Mi segnali qualche esempio di produzione “virtuosa”, fuori dagli schemi consolidati?

Penso a uno spettacolo teatrale molto bello proposto dalla compagnia Papalagi, composta da operatori e pazienti psichiatrici, organizzato dall’Usl di Lucca. È uno spettacolo incentrato sui racconti di un capo-comunità delle iole Samoa che fa ritorno alla sua tribù, che riporta tutto quello che l’Europa gli ha lasciato come viaggiatore, come testimone distaccato del nostro mondo.

Insomma, un’arte portatrice di valori condivisi nuovi o semplicemente rivisitati, come l’importanza dell’agricoltura e l’impegno dei giovani.

Sì, infatti il primo passo verso il cambiamento è l’evoluzione dell’immaginario collettivo, che in passato ha reso poco appetibile il contesto agricolo, il lavoro in campagna. Una mia amica insegnate raccontava che a Salerno un bambino veniva segnalato come “anomalo”, “problematico” perché riferiva di amare la terra. Non è necessario che facciamo tutti i contadini, chi non vuole potrà continuare a fare altro, ma la rivoluzione culturale dovrà portare a vedere il contadino come un mestiere nobile e ad arricchirlo con una formazione universitaria in grado di porre questa attività come un tassello per un futuro diverso.

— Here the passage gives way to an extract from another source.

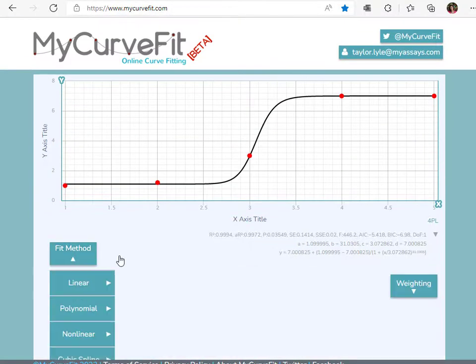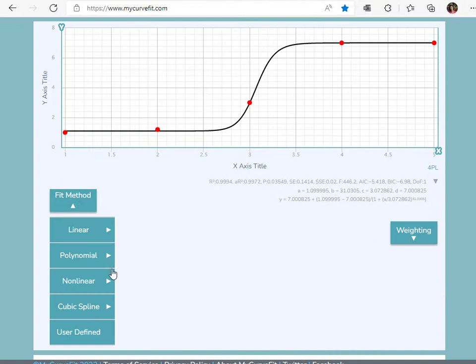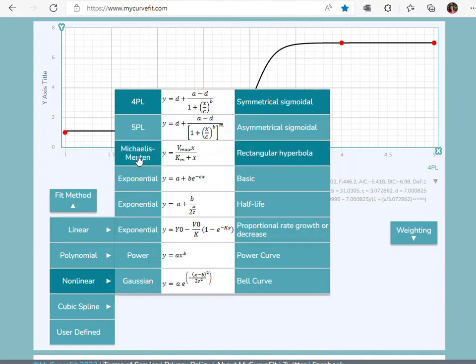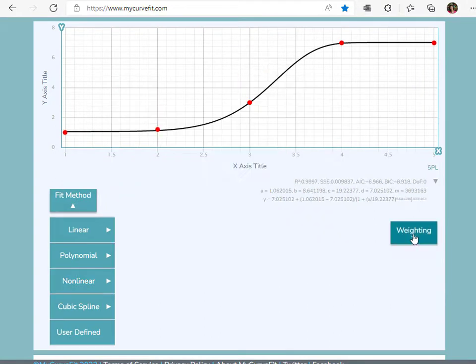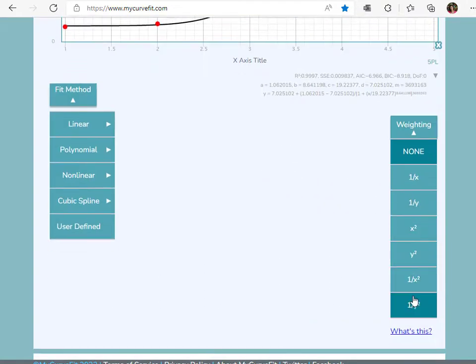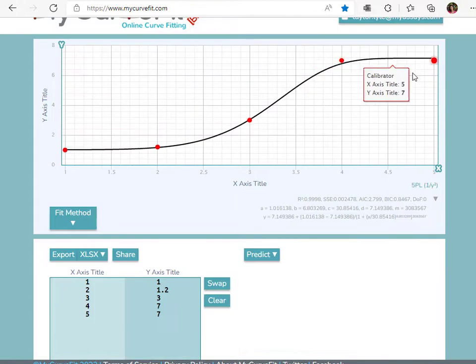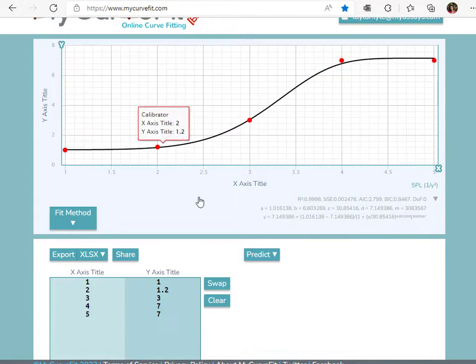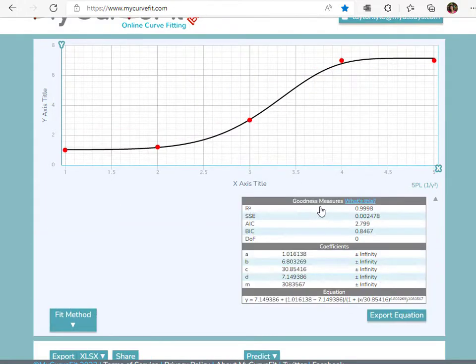Select the fit method and weighting model, and the chart is automatically updated. The coefficients, equation, and goodness measures, including R squared, are listed here.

Dunque il ritorno alla campagna può rappresentare un palliativo alla disoccupazione giovanile?

Sì, assolutamente. Se fatto con la testa, attraverso un percorso accademico professionalizzante, in realtà associative utili allo sviluppo della biodiversità e dell’eccellenza del territorio, secondo i metodi della permacultura.

Parlando di ritorno all’agricoltura, un cenno al  vegetarianesimo è d’obbligo…

Noi del movimento abbiamo un approccio assolutamente libero, rimane però la consapevolezza che sia la scelta più sostenibile. Lo dice un carnivoro che però si impegna a limitare fortemente il proprio consumo di carne.

E poi ci sarebbe il tema Expo, la neocolonizzazione chiamata eco-sostenibilità, la questione dei Paesi emergenti… Insomma, c’è materiale per scrivere un altro pezzo sulla rivoluzione del Carnevale, o forse su una vera e propria rivoluzione culturale, se è vero che oggigiorno la cultura dominante può essere ben sintetizzata da una massima del filosofo polacco Zygmunt Bauman: «Se lei fa un incidente in macchina l’economia ci guadagna. I medici lavorano. I fornitori di medicinali incassano e così il suo meccanico. Se lei invece entra nel cortile del vicino e gli dà una mano a tagliare la siepe compie un gesto antipatriottico perché il Pil non cresce. Questo è il tipo di economia che abbiamo rilanciato all’infinito. Se un bene passa da una mano all’altra senza scambio di denaro è uno scandalo».